Man_Booker_Prize_logoIn news that is sure to shake up the literary establishment, The Telegraph is reporting that in 2014, for the first time in its history, the Man Booker Prize will accept submissions from American authors. Previously, the award has been restricted to English-language books published in the U.K. and written by authors from the U.K., Ireland, and the Commonwealth. The Man Booker International Prize, awarded every two years, considers writers from around the globe, and is given for a body of work rather than an individual book.

Quoting a report in the Sunday Times, the Telegraph indicates that Booker administrators found the exclusion of American writers “anachronistic,” and that considering them will help “ensure the award’s global reputation.”

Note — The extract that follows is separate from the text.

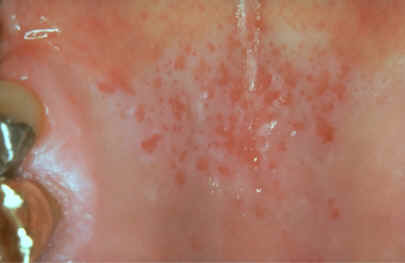 rea de eritroplasia en paladar (AAD)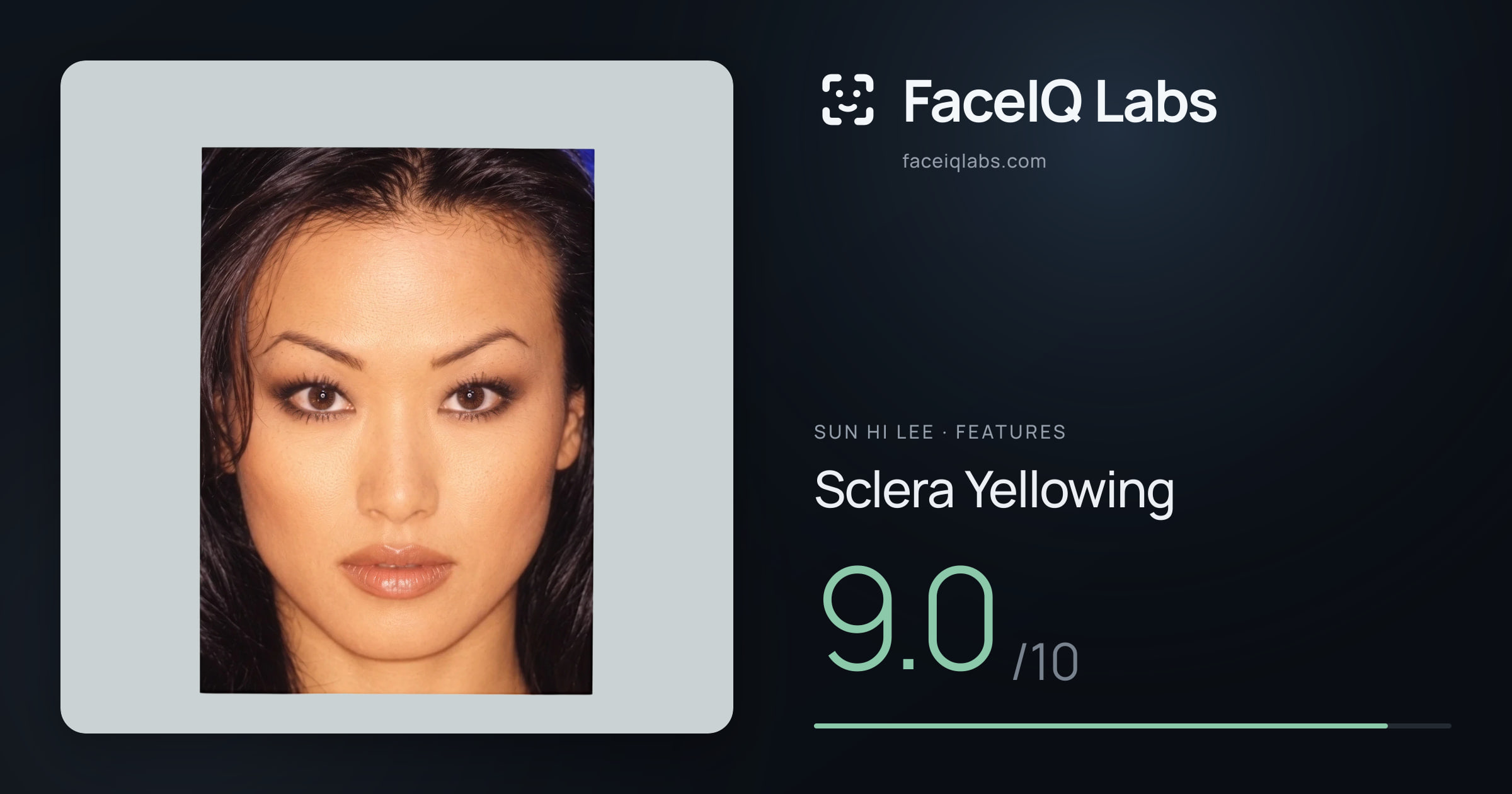 Sun Hi Lee Sclera Yellowing: 9.0/10, drawn on the photo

Writing on the Literary Saloon, M.A. Orthofer suggests that the Booker administration might have been cowed by the appearance this year of the competing Folio Prize, which considers work by English-language writers worldwide. On its website, The Folio Prize bills itself as “the first major English language book prize open to writers from around the world. Its aim is simple: to celebrate the best fiction of our time, regardless of form or genre, and to bring it to the attention of as many readers as possible.” It will release its inaugural shortlist in February 2014.

The Booker rule change alters the landscape of the prize, which is considered one of the most prestigious literary awards in the English-speaking world, and is worth £50,000 to the winner. Even if publishers are restricted to two submissions, the relatively large number of books published in the U.S. will tend to crowd out those from other countries.

The change is sure to spark debate about the globalization of literary culture, and the utility of nationalist restrictions on prizes. In Canada, the three major prizes for fiction – the Scotiabank Giller Prize, the Governor General’s Literary Award, and the Rogers Writers’ Trust Award – confine themselves to books written by Canadian citizens (even those, like Patrick DeWitt or Eleanor Catton, who have lived the majority of their lives outside Canada). The Griffin Poetry Prize is the only major Canadian literary award I’m aware of with an international component; arguments have been floated for folding the Canadian and International prizes together to bolster the award’s perceived legitimacy.

At least one dissenting voice has already been heard in Britain. Broadcaster Melvyn Bragg claims to be “disappointed” by the move, which he says will eradicate the Booker’s “distinctiveness.” He compared the new rules to “a British company being taken over by some worldwide conglomerate.”

This argument risks charges of xenophobia, but it would be ironic if, in an effort to be more inclusive, the new rule ended up turning the Booker into yet another instrument of American cultural hegemony.